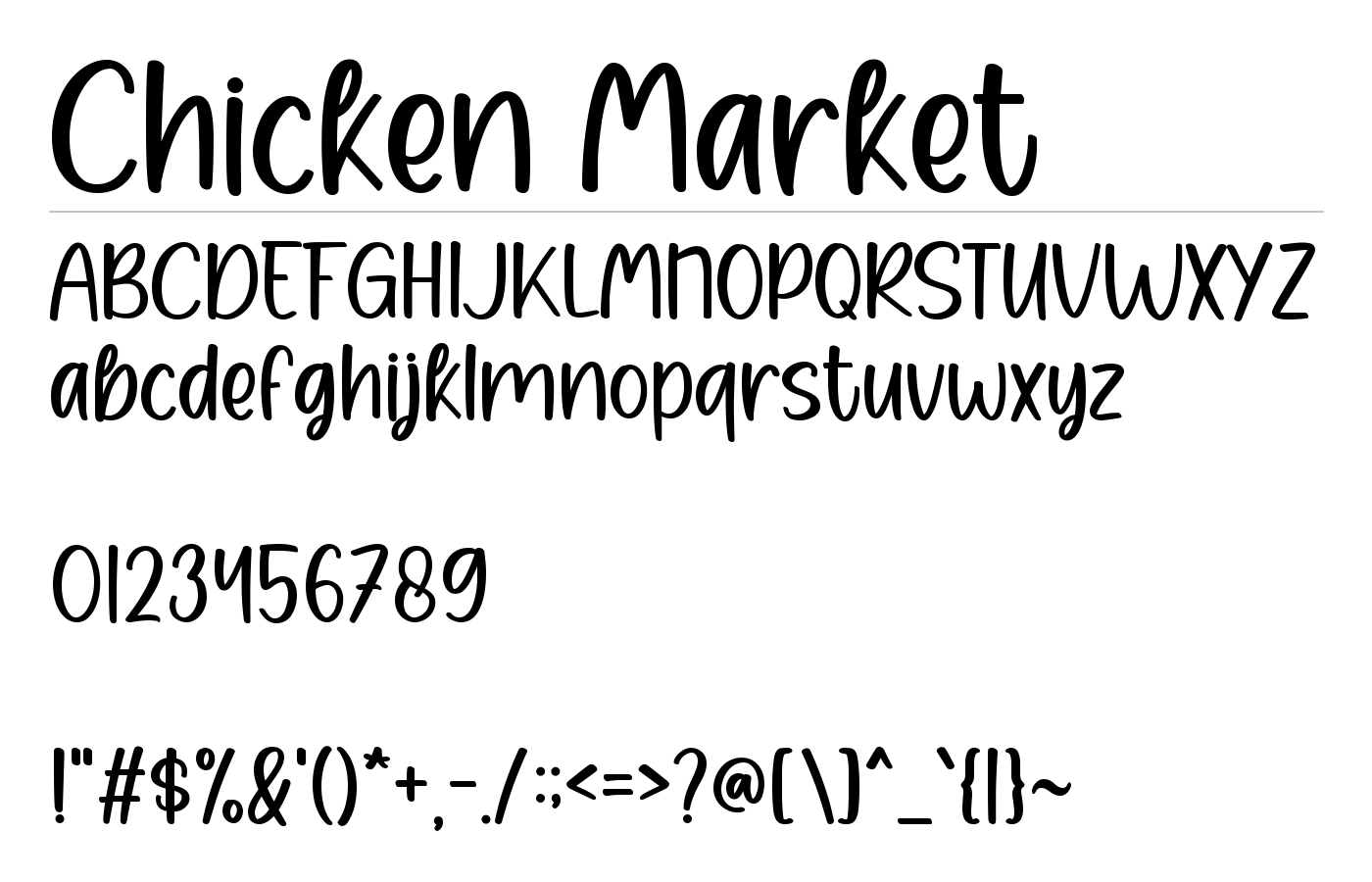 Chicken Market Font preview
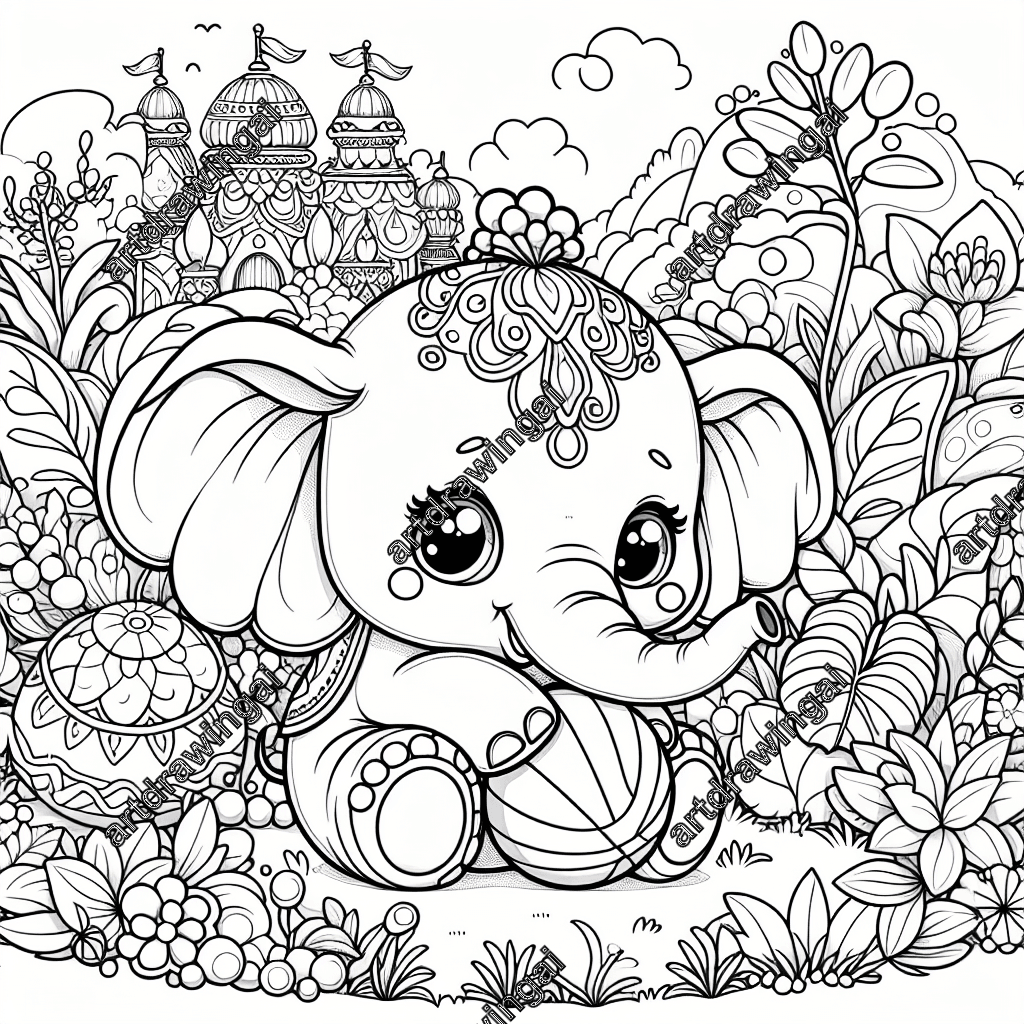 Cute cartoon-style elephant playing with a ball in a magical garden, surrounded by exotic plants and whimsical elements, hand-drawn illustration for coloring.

===============

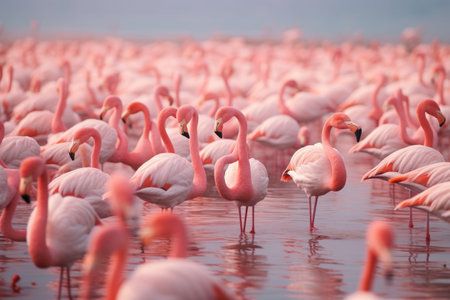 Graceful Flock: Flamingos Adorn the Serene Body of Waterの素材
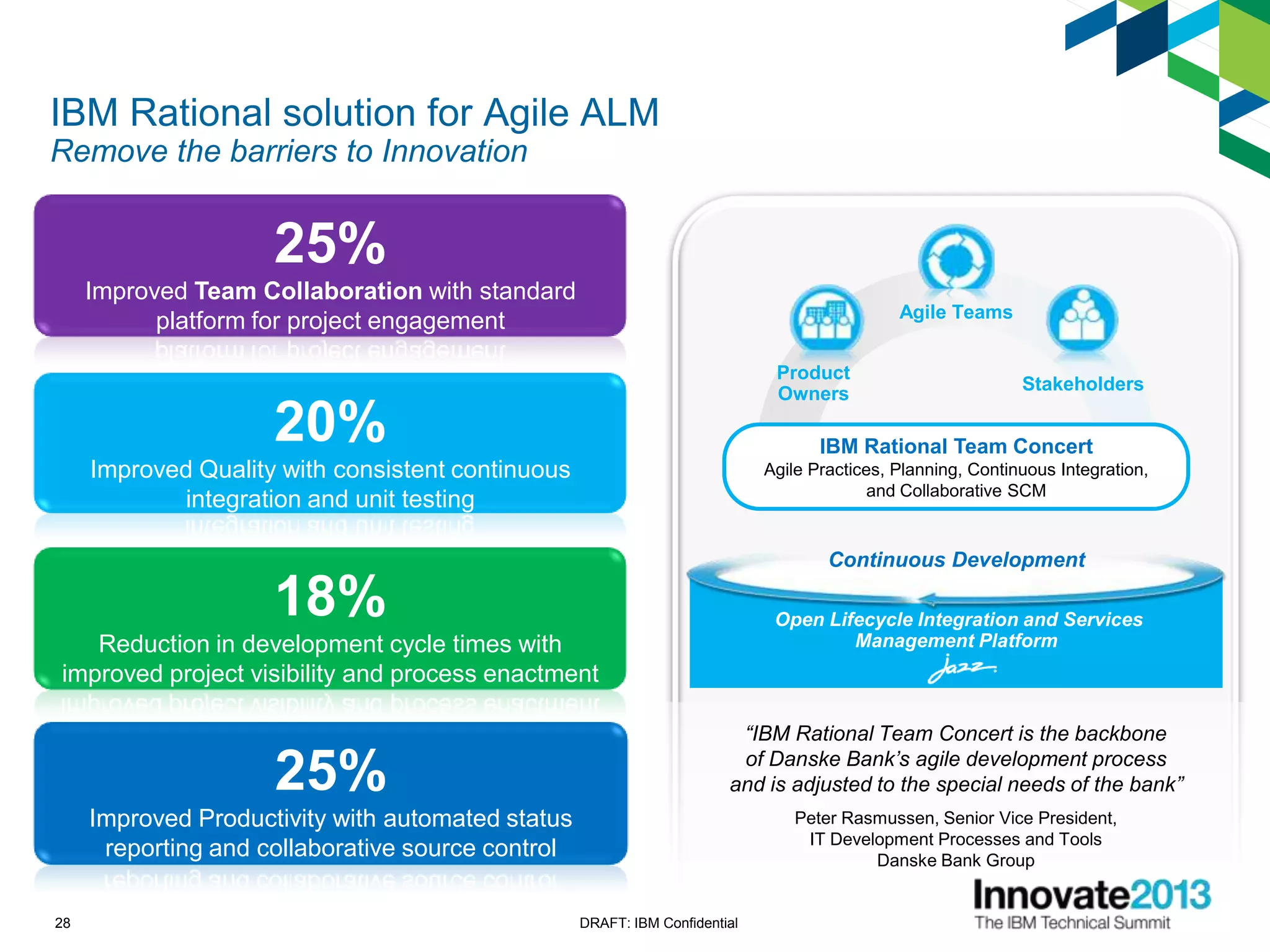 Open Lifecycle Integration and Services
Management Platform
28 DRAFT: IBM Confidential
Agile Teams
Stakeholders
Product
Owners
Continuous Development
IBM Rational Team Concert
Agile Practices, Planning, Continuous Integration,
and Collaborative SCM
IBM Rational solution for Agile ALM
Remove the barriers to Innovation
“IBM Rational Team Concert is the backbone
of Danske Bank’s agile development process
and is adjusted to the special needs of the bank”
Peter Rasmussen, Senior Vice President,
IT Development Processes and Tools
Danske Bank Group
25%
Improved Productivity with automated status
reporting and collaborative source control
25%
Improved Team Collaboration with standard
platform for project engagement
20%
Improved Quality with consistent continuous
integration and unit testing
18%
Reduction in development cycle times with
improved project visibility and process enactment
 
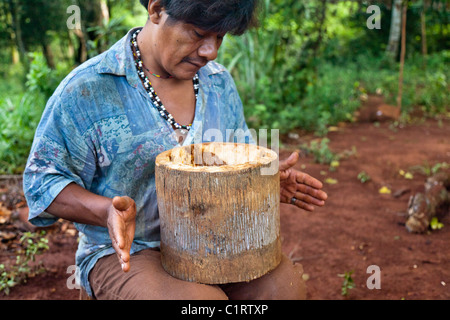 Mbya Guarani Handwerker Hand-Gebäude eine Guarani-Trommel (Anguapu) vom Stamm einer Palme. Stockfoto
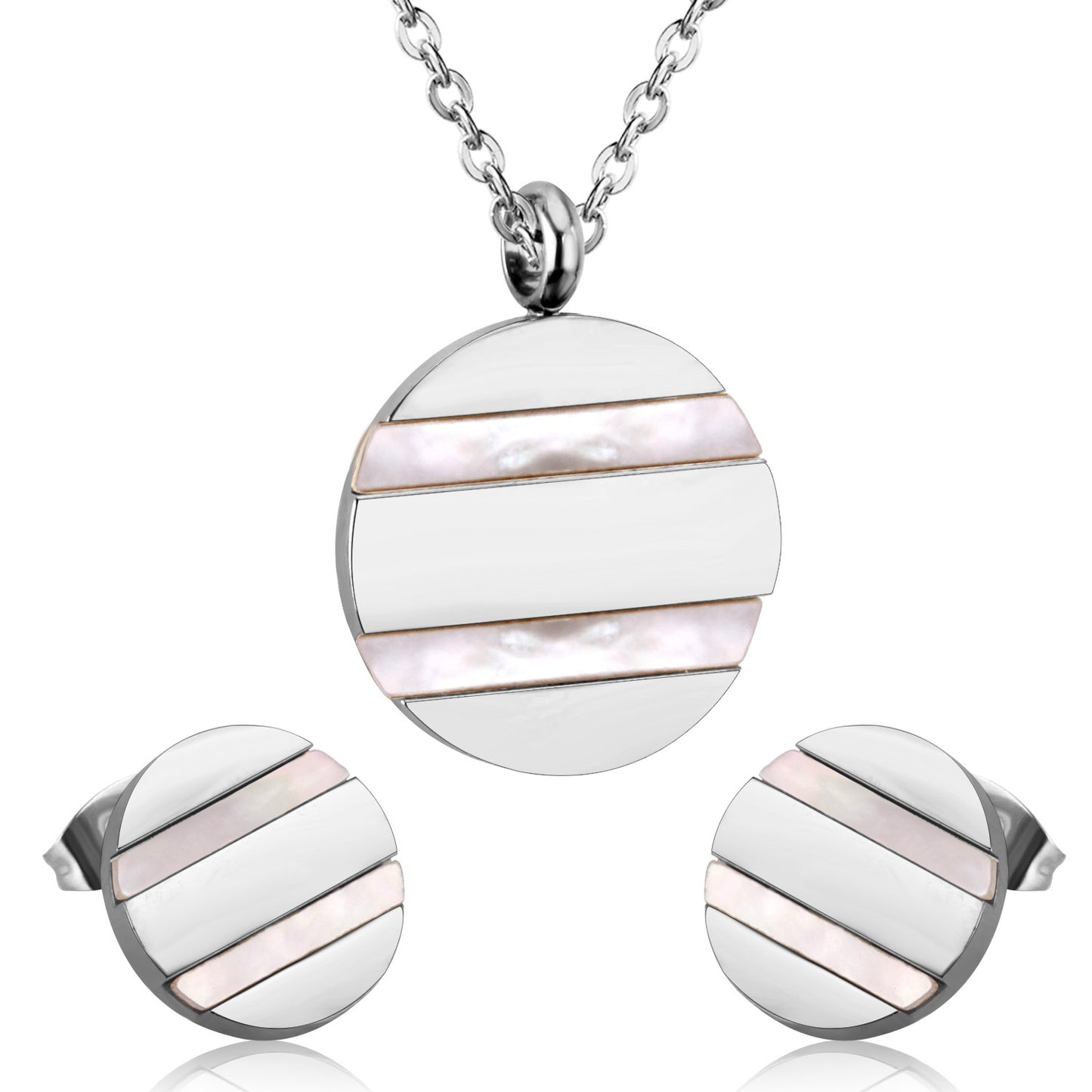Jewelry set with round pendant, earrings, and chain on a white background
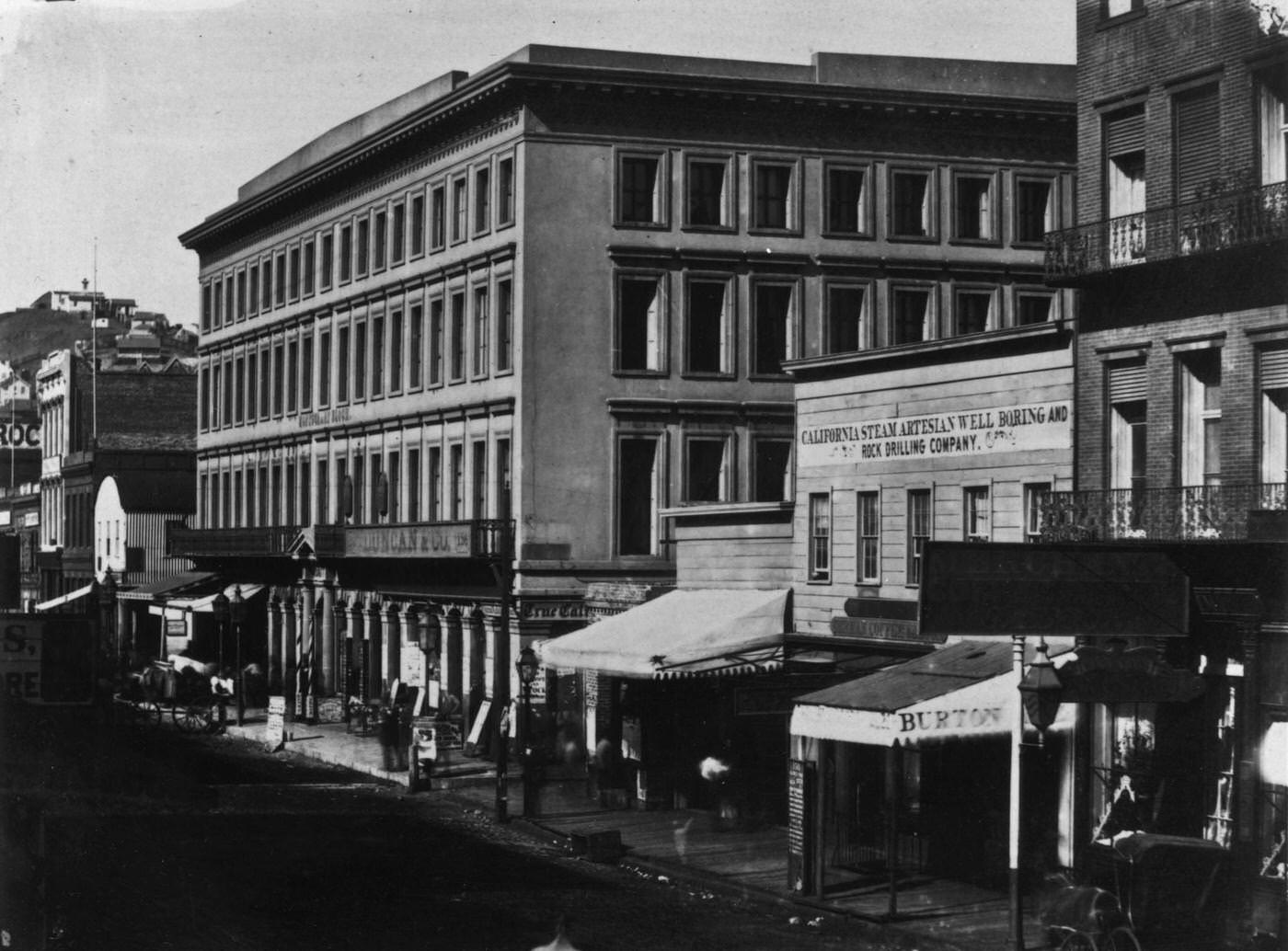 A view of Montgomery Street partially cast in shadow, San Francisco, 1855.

===============

Exercise goal.
Return, exactly as they stand, the lines above from the one with "Graceful Flock: Flamingos" to the one with "and Collaborative SCM", omitting any pictures among them.

Exercise result.
 Graceful Flock: Flamingos Adorn the Serene Body of Waterの素材
 Open Lifecycle Integration and Services
Management Platform
28 DRAFT: IBM Confidential
Agile Teams
Stakeholders
Product
Owners
Continuous Development
IBM Rational Team Concert
Agile Practices, Planning, Continuous Integration,
and Collaborative SCM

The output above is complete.